Terrain Aided Localisation of Autonomous Vehicles in Unstructured Environments
|Institution:||The University of Sydney|
|Advisor(s):||Gamini Dissanayake and Hugh Durrant-Whyte|
|Degree:||Ph.D., Mechatronic Engineering|
This thesis is concerned with the theoretical and practical development of reliable and robust localisation algorithms for autonomous land vehicles operating at high speeds in unstructured, expansive and harsh environments. Localisation is the ability of a vehicle to determine its position and orientation within an operating environment. The need for such a localisation system is motivated by the requirement of developing autonomous vehicles in applications such as mining, agriculture and cargo handling. The main drivers in these applications are for safety, efficiency and productivity. The approach taken to the localisation problem in this thesis guarantees that the safety and reliability requirements imposed by such applications are achieved. The approach also aims to minimise the engineering or modification of the environment, such as adding artificial landmarks or other infrastructure. This is a key driver in the practical implementation of a localisation algorithm.

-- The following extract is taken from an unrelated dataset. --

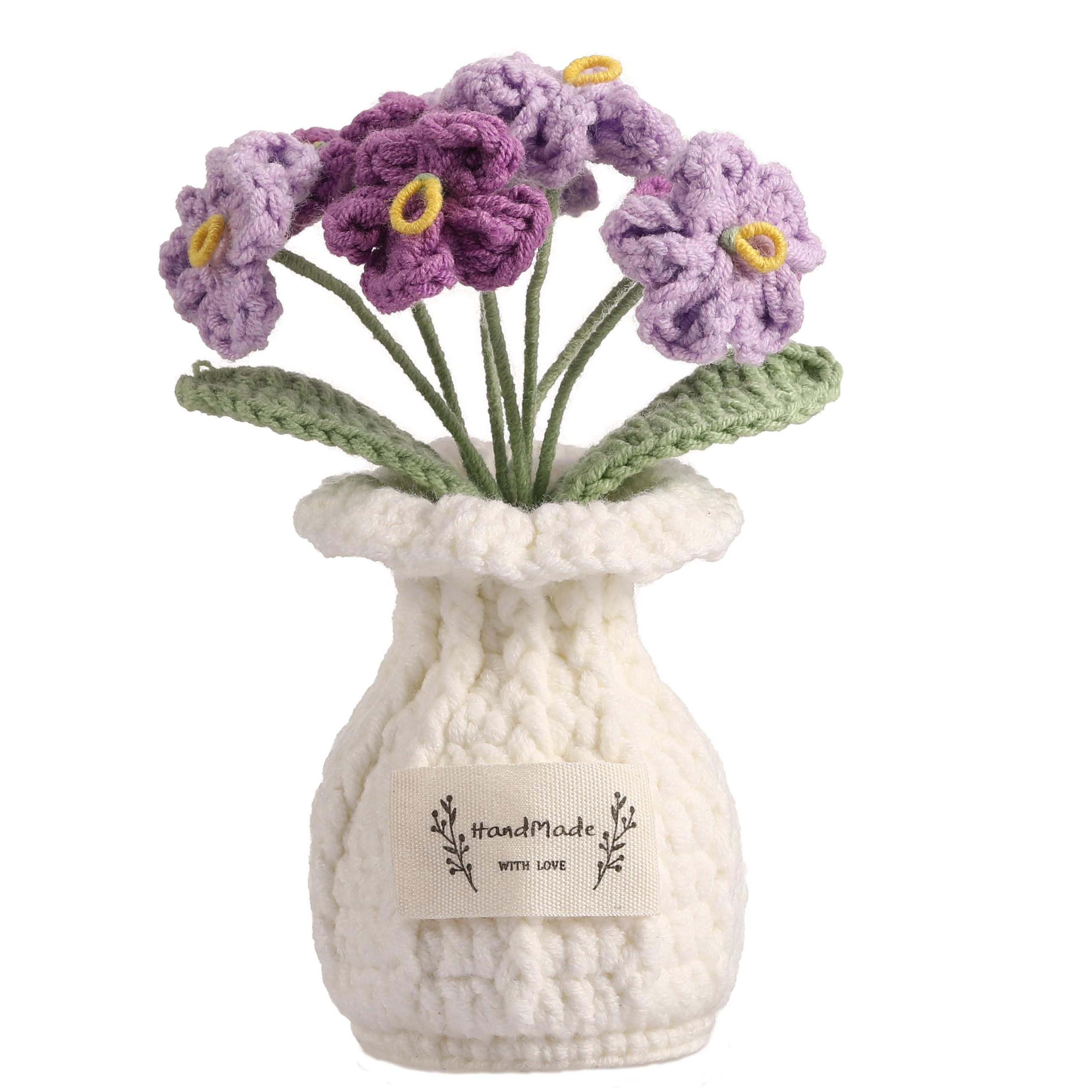 YOOJEE Crochet Forget-Me-Not Potted Plant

In pursuit of these objectives, this thesis makes the following principal contributions:
1. The development of an Iterative Closest Point - Extended Kalman Filter (ICP-EKF) algorithm - a map-based iconic algorithm that utilises measurements from a scanning laser rangefinder to achieve localisation. The ICP-EKF algorithm entails the development of a map-building algorithm. The main attraction of the map-based localisation algorithm is that it works directly on sensed data and thus does not require extraction and matching of features. It also explicitly takes into account the uncertainty associated with measurements and has the ability to include measurements from a variety of different sensors.
2. The development and implementation of an entropy-based metric to evaluate the information content of measurements. This metric facilitates the augmentation of landmarks to the ICP-EKF algorithm thus guaranteeing reliable and robust localisation.
3. The development and adaptation of a view-invariant Curvature Scale Space (CSS) landmark extraction algorithm. The algorithm is sufficiently robust to sensor noise and is capable of reliably detecting and extracting landmarks that are naturally present in the environment from laser rangefinder scans.
4. The integration of the information metric and the CSS and ICP-EKF algorithms to arrive at a unified localisation framework that uses measurements from both artificial and natural landmarks, combined with dead-reckoning sensors, to deliver reliable vehicle position estimates.
The localisation framework developed is sufficiently generic to be used on a variety of other autonomous land vehicle systems. This is demonstrated by its implementation using field data collected from three different trials on three different vehicles. The first trial was carried out on a four-wheel drive vehicle in an underground mine tunnel. The second trial was conducted on a Load-Haul-Dump (LHD) truck in a test tunnel constructed to emulate an underground mine. The estimates of the proposed localisation algorithms are compared to the ground truth provided by an artificial landmark-based localisation algorithm that uses bearing measurements from a laser. To demonstrate the feasibility and reliability of both the natural landmark extraction and localisation algorithms, these are also implemented on a utility vehicle in an outdoor area within the University's campus. The results demonstrate the robustness of the proposed localisation algorithms in producing reliable and accurate position estimates for autonomous vehicles operating in a variety of unstructured domains.
Rajmohan Madhavan was born in Madras, India, in 1973. He received the Bachelor of Engineering degree (Electrical and Electronics) in 1995 from the College of Engineering, Guindy, Anna University, India and the Master of Engineering (Research) degree (Control and Robotics) in 1997 from the Department of Engineering, The Australian National University, Australia. He received his Ph.D. degree (Field Robotics) in 2001 from the School of Aerospace, Mechanical and Mechatronic Engineering (Department of Mechanical and Mechatronic Engineering at the time of completion) from the University of Sydney, Sydney, Australia. Since 2001, he has been a research associate with the Oak Ridge National Laboratory (ORNL) and is currently a guest researcher with the Intelligent Systems Division of the National Institute of Standards and Technology (NIST). His current research interests include autonomous vehicle navigation in large and complex environments, distributed heterogenous sensing and systems and control theory.